O cruzo das rainhas sob o manto azul e branco

Quando o romance “Um defeito de cor” pisou macio e fundo no solo sagrado no carnaval do Rio de Janeiro
Desfile da Portela em homenagem ao romance “Um defeito de cor”
10/05/2024

Ouvimos os gemidos dos ossos soterrados, quando Um defeito de cor, o tapete mágico, sobrevoou a Kalunga Grande. Lá no alto, os que dormiam acordaram e viajaram para dentro. À medida que cantávamos o canto libertador, tornamo-nos infinitos em expansão, desde dentro.

Naquele carnaval, um livro pisou macio e fundo no solo sagrado azul e branco, ganhou o chão da escola, o responsável pela pulsação na avenida e pela consagração de uma canção, genuinamente preta, que nasceu quilombo e cresceu favela.

Enquanto a ala 13 aquecia o corpo e a voz para saravar Kehinde, uma rainha, diluída entre as súditas, descobriu outra rainha, transformando-se em personagem do cortejo no alto de um carro temático, e passou a olhá-la de maneira insistente. Tratava-se de uma realeza silenciosa saudando a outra, guiada por um protocolo dominado apenas por elas.

Duas soberanas anônimas, uma no chão, outra à frente de uma grande alegoria, cuja parte mais elevada abrigava artistas presentes na mídia, que eram reconhecidos e aplaudidos no asfalto, enquanto caminhavam entre as pessoas comuns em direção a seus lugares.

Postada no solo, a primeira rainha reconheceu a rainha suspensa que se paramentava como uma benzedeira que vivia a condição de escravizada. Esta já havia declarado que, depois do episódio de racismo sofrido numa loja de departamentos em Brasília, no ano anterior, julgou importante desfilar como destaque no fulgor de seus 85 anos, pois a abordagem racista insidiosa, feita por uma segurança, levou-a a muitas reflexões sobre si e sobre seu lugar no mundo. Ela sairia, então, benzendo sua Portela na avenida, a partir de seu lugar de autoridade, constituído por décadas de trabalho e envolvimento na comunidade.

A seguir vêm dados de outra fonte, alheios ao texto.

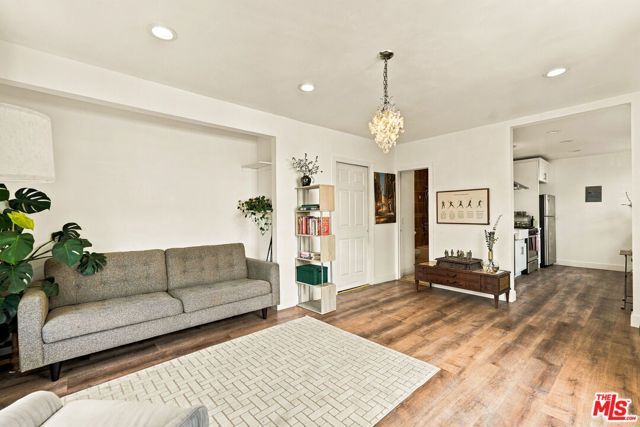 401 Del Norte Street, Los Angeles, CA 90065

A Rainha do Reinado mineiro, por sua vez, trajava uma fantasia de manuseio complexo e pouco adequada a seu corpo franzino. Era fácil prever que aquilo lhe causaria problemas ao longo do desfile, principalmente na área da dispersão. Mas uma rainha não se queixa (foi o entendimento dela) — supera o sacrifício físico pelo amor.

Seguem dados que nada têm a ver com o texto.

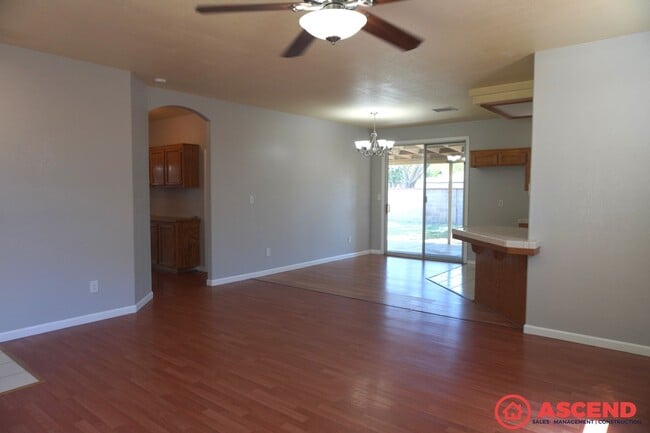 Building Photo - Beautiful home located in the Northwest!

Antes que a chamassem para ocupar outro espaço na ala, ao lado de amigas, a Rainha Leda Martins me disse: É Vilma? É Vilma, ali? Você sabe quem é Vilma, a lendária porta-bandeira da Portela? Sim, eu sabia quem era Vilma da Portela, mas, absorta em seguir as instruções para não prejudicar a evolução da escola, como a maioria do pessoal, eu não a havia reconhecido no caminhão. Cantarolei para a Rainha Leda (e deveria ter puxado um canto forte em reverência à Rainha Vilma) os versos imortalizados por Jair Rodrigues: “Como é que eu posso por ela trocar/ a emoção de ver Vilma dançar/ com o seu estandarte na mão?”.

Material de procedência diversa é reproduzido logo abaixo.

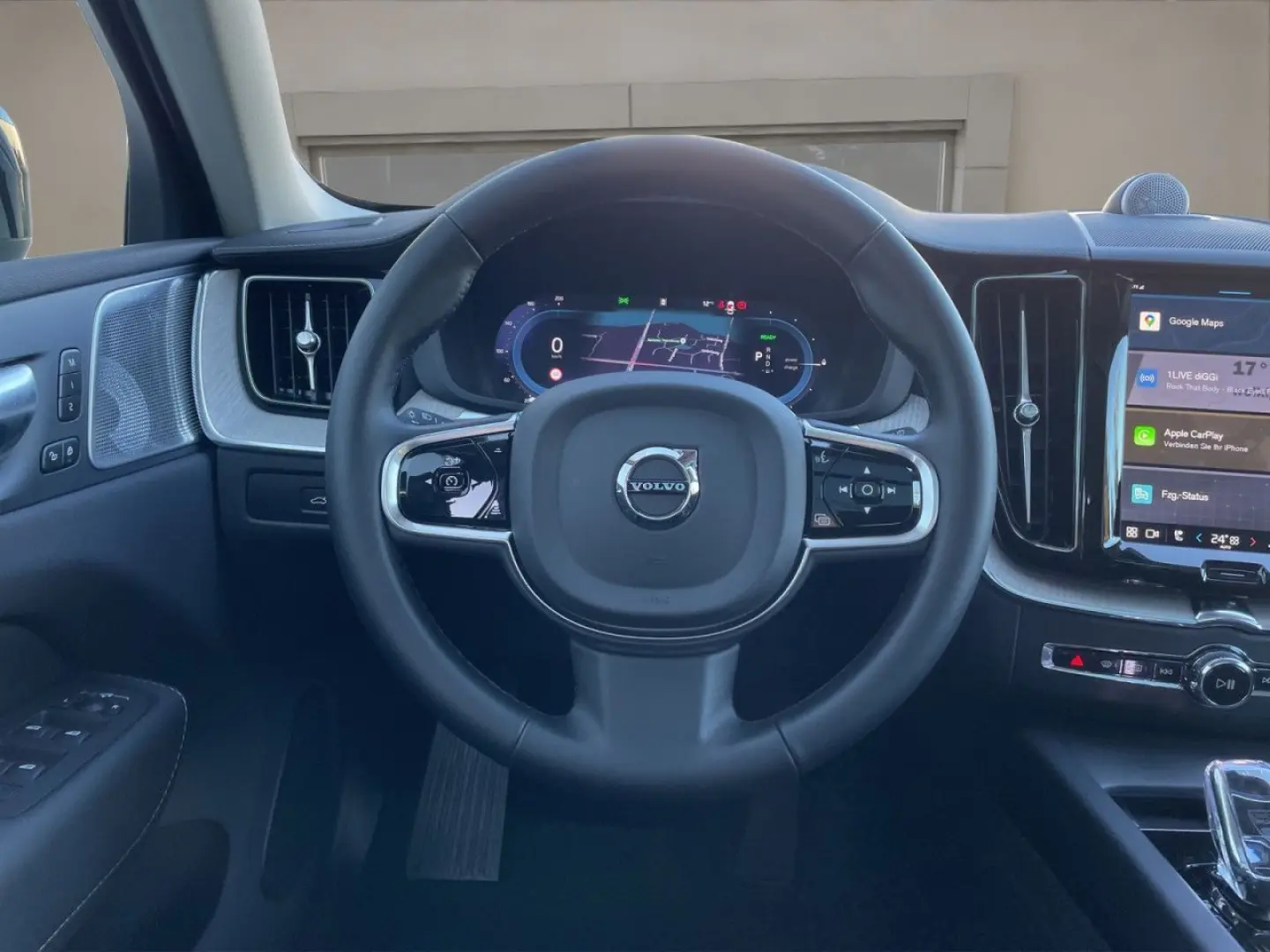 XC60 T8 AWD Ultra Dark LUFT AHK MASSAGE 21LM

“Minha mãe foi muito amiga dela”, confidenciou-me a Rainha Leda, que, como Milton Nascimento, é uma carioca que se tornou mineira; o contrário de Lélia Gonzales, que, mineira, converteu-se ao Rio de Janeiro.

A Rainha Leda mantinha o olhar resoluto em direção à Rainha Vilma, naquele diálogo entre majestades, naquele conhecimento antigo de reencontrar uma amiga da mãe, antiga passista da Portela.

Agraciada pelo momento que só eu testemunhei, voltei meus olhos para o céu sem lua em agradecimento e a águia-guardiã bateu as asas, espalhando um vento bom sobre minha cabeça, abriu o bico, fechou os olhos e envolveu meu coração com o manto azul e branco.

Só me restou pedir perdão à Mangueira, como já havia feito em 1985, quando torci pela irresistível Mocidade Independente de Padre Miguel. No carnaval de 2024, louvando Um defeito de cor e sua autora, Ana Maria Gonçalves, não deu para resistir… Fui Portela!

Cidinha da Silva

É escritora e doutora em Difusão do Conhecimento. Publicou 21 livros, dentre eles, os premiados Um Exu em Nova York e O mar de Manu.